教育を考える/食育 2018.7.10

親子で学ぶ おいしい食育学【第6回】子どもの小腹 編

新生暁子
親子で学ぶ おいしい食育学【第6回】子どもの小腹 編

今の子どもたちは、私たち大人が子どものころに比べて格段に忙しい毎日を過ごしています。みなさんのお子さんも、平日は幼稚園や小学校、宿題、習い事……と目まぐるしいスケジュールをこなしているのではないでしょうか?

ただし、いくら元気いっぱいの子どもたちでも、エネルギーが足りなくなったときに忙しさを理由に空腹状態を我慢させることは危険です。子どもの小腹を満たすことは、集中力をキープさせるだけではなく、身体の成長にも大きく影響します。

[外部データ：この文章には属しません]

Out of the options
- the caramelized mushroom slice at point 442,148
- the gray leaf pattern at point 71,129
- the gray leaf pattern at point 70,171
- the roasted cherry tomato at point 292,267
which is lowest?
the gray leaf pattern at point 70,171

今回は、隙間時間の小腹の満たしかた・正しい補食について、tokko先生に教えてもらいましょう!

お悩み
週3日習い事に通っている幼稚園年長の息子。幼稚園から帰ってくるのが午後2時半、習い事はだいたい4時から6時の間です。習い事に行く前に少しおやつを食べさせるのですが、途中でお腹が空いて集中できないことが多いそう。tokko先生、腹持ちが良く、夕飯に響かない間食を教えてください。

tokko先生:
最近では「大人よりも忙しいんじゃない?」と思うほど、子どもたちの毎日は予定がたくさん詰まっていますよね。とくに複数のお稽古に通う子どもたちが増えていて、幼稚園や学校から帰ってきても家でゆっくりする時間が少なくなってきている印象です。塾でもスポーツでも、子どもが「やりたい!!」と思う気持ちを尊重し、いろいろなことにチャレンジさせるのは、とても素晴らしいことですね。

ただ、このお稽古によって、親御さんは時間のやりくりや生活習慣の乱れに気をつけなければなりません。また、食事面や栄養面から見ても、三食のバランスを取るのに少々苦戦を強いられる可能性があります。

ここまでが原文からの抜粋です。